Stay up to date with notifications from The Independent

Notifications can be managed in browser preferences.

Coronavirus: Trump travel bans were too late to prevent Covid-19 transmission, as CDC confirms outbreak came from Europe

European virus strain likely circulating in New York City by as late as early March before White House restrictions

Alex Woodward
New York
Thursday 16 July 2020 18:24 BST
Comments
Trump fans cheer and whoop as he calls Covid-19 'the plague from China'

By the time Donald Trump‘s administration imposed travel restrictions from Europe into the US at the onset of the coronavirus pandemic, the virus had been circulating widely in New York City, according to a new report from the Centres for Disease Control and Prevention (CDC).

A month after the president imposed a travel ban from China on 2 February, a virus strain that more closely resembled one from Europe was infecting New Yorkers. By mid-March, community transmission was widespread, the CDC reports.

“The virus came to New York, and Americans died, because of government failure,” New York Governor Andrew Cuomo said in a call with reporters on Thursday. ”They missed the science.”

The study collected samples from the New York Department of Health and Mental Hygiene from 1 March through 20 March. On 8 March, the department announced it had detected community transmission of the virus.

Among 544 specimens that the CDC studied from patients with flu-like illnesses that tested negative for influenza, 36 tested positive for Covid-19, and “genetically sequenced positive specimens most closely resembled sequences circulating in Europe,” according to the report.

The Trump administration put European travel restrictions in place on 13 March. The earliest strain detected was from 2 March.

By April, New York had emerged as a global epicentre of the virus. More than 32,000 patients in the state have died since the beginning of the outbreak, far more than anywhere else in the US.

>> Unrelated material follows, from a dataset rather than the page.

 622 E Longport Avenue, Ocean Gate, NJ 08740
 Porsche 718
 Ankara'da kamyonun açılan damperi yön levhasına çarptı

“No sentinel sequences were directly connected to sequences from Wuhan, China, where the outbreak originated,” according to the report.

The CDC said the results were “unanticipated” given the population of Chinese speakers living in the areas where samples were discovered.

“Rather, the sequence analysis suggests probable introductions of [Covid-19] from Europe, from other US locations, and local introductions from within New York,” the report says. “Although travel restrictions are an important mitigation strategy, by the time the European restrictions were implemented, importation and community transmission of [Covid-19] had already occurred in [New York City].”

Mr Trump has frequently claimed that the ban on Chinese travel “saved” as many as “millions of lives” while his administration has been criticised for a slow and dismissive response to what became a massive public health crisis in in the days and weeks that followed.

More than 138,000 people in the US have died from coronavirus-related illness, according to data from Johns Hopkins University. More than 3.5 million people have been infected.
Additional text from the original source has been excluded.